▶ **PROBLEM DESCRIPTION**:
A verbatim reproduction of the lines below, from the line containing "A photo of this 2025 Sylvan MIRAGE 8520" through the line containing "Fashion Week Paris", both ends included, is the whole required output.

** EXERCISE MATERIALS follows **

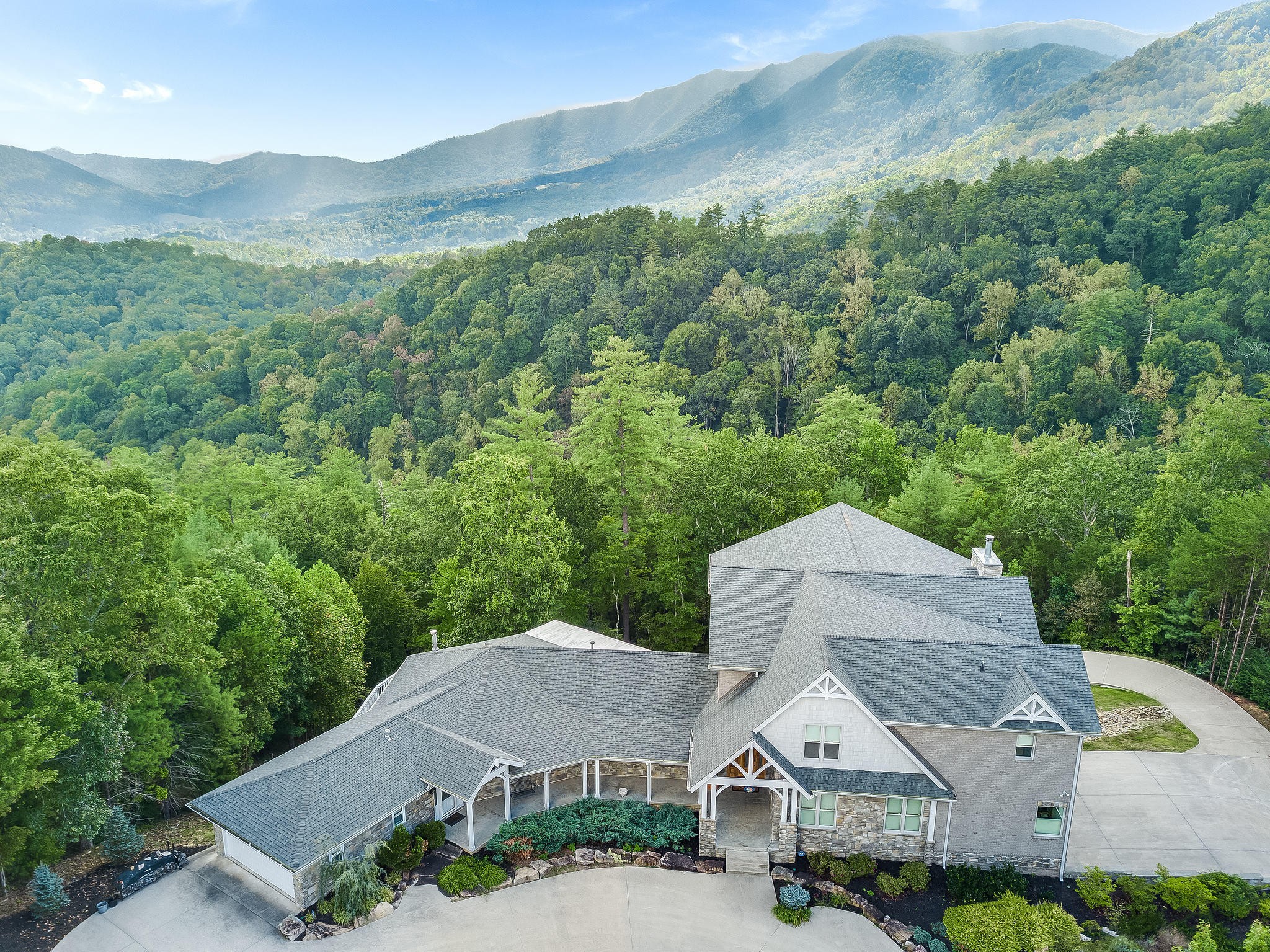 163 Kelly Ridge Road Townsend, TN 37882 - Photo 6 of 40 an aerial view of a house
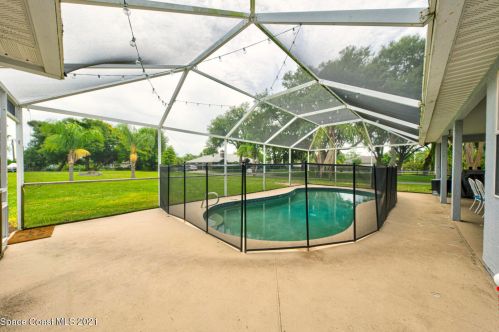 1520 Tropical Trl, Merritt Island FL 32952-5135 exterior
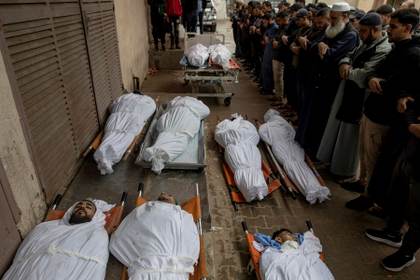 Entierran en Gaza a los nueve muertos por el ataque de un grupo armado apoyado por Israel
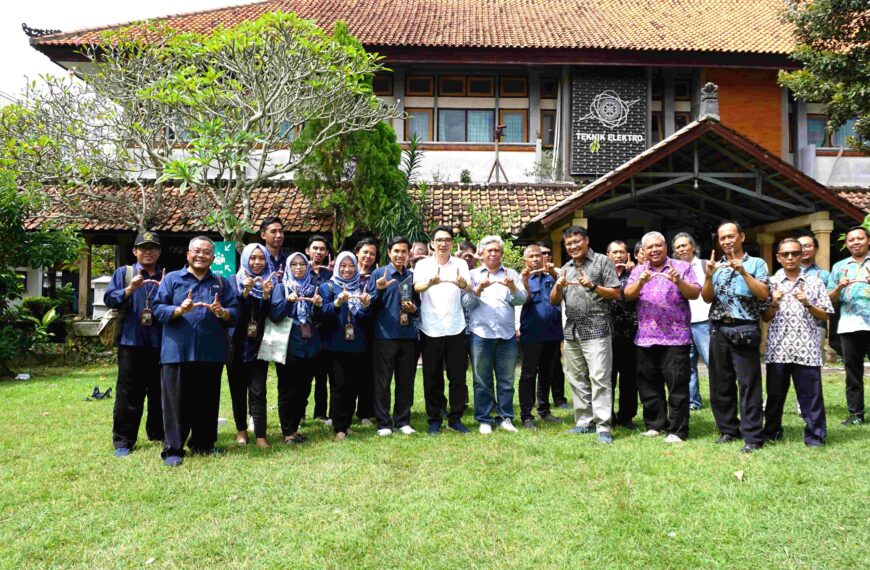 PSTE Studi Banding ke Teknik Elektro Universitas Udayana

** End of EXERCISE MATERIALS **
** EXERCISE MATERIALS follows **

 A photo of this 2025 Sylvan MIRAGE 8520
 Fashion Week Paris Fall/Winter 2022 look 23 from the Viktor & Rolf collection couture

** End of EXERCISE MATERIALS **
** EXERCISE MATERIALS follows **

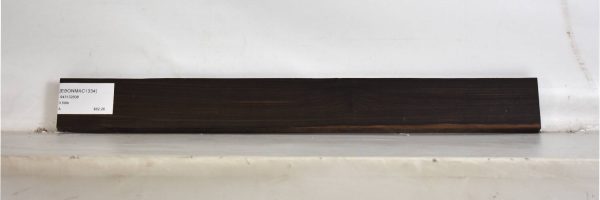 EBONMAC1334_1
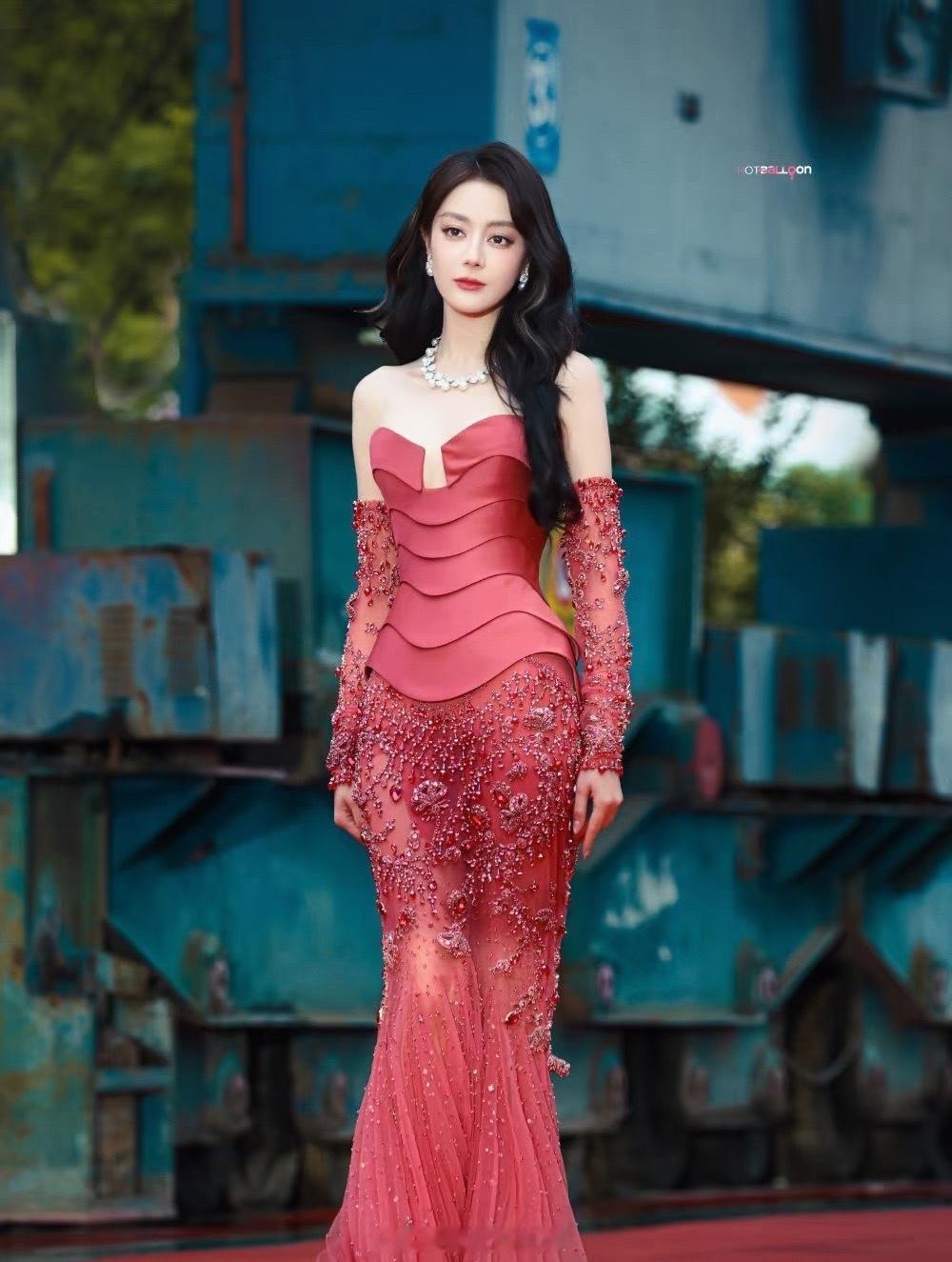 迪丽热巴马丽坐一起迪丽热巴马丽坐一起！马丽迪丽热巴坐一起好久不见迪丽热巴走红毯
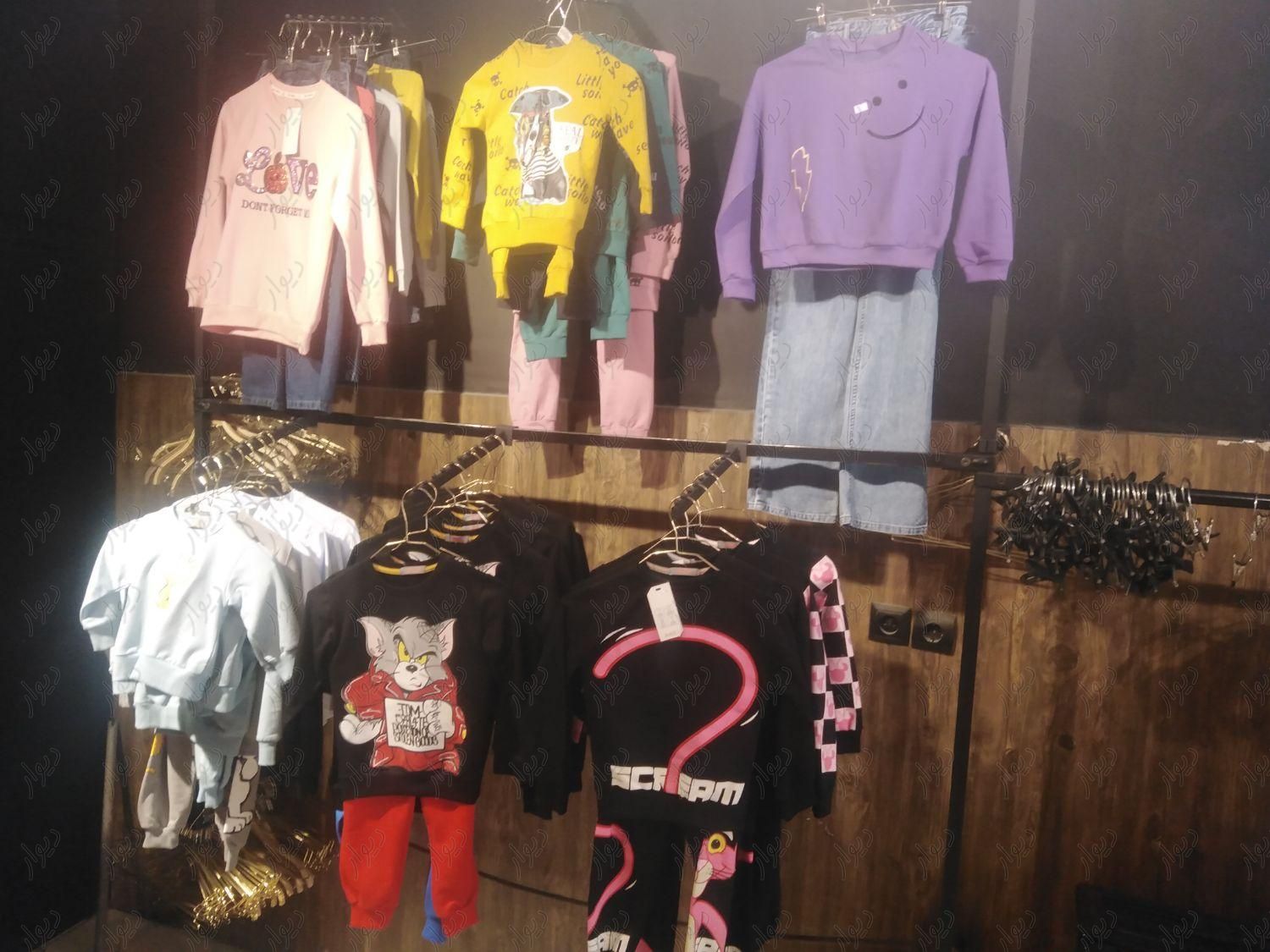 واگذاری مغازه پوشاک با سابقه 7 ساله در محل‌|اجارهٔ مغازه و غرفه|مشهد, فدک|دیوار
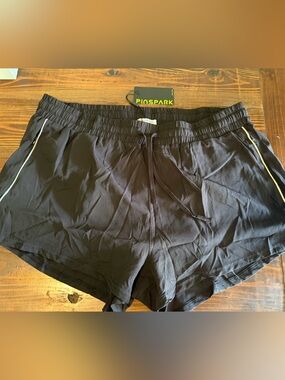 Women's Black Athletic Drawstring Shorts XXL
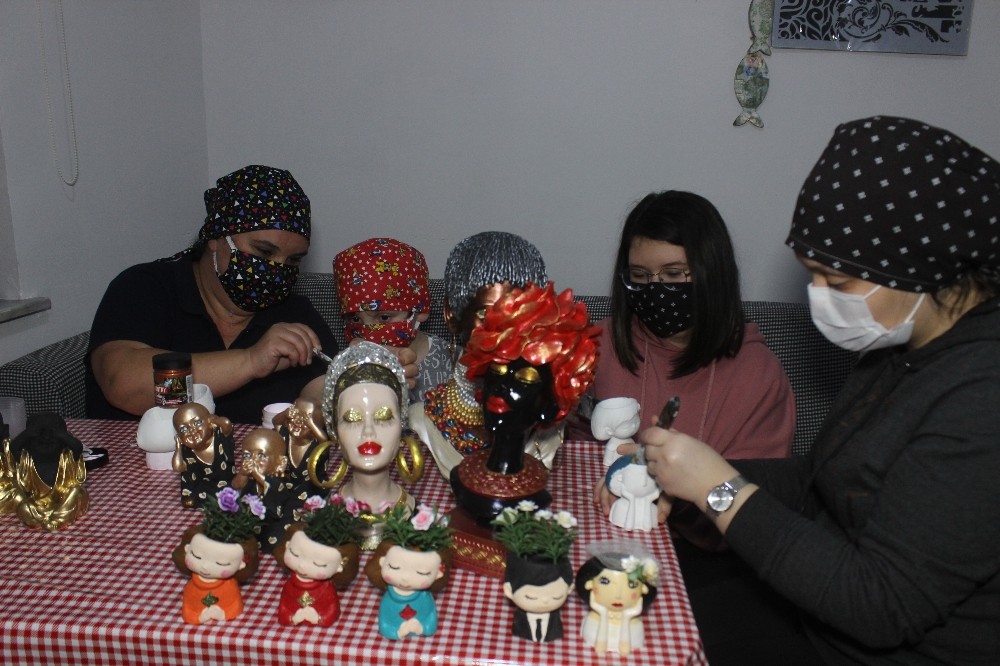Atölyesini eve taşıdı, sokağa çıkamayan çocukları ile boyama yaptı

** End of EXERCISE MATERIALS **

▶ **ANSWER SPACE**:
 A photo of this 2025 Sylvan MIRAGE 8520
 Fashion Week Paris Fall/Winter 2022 look 23 from the Viktor & Rolf collection couture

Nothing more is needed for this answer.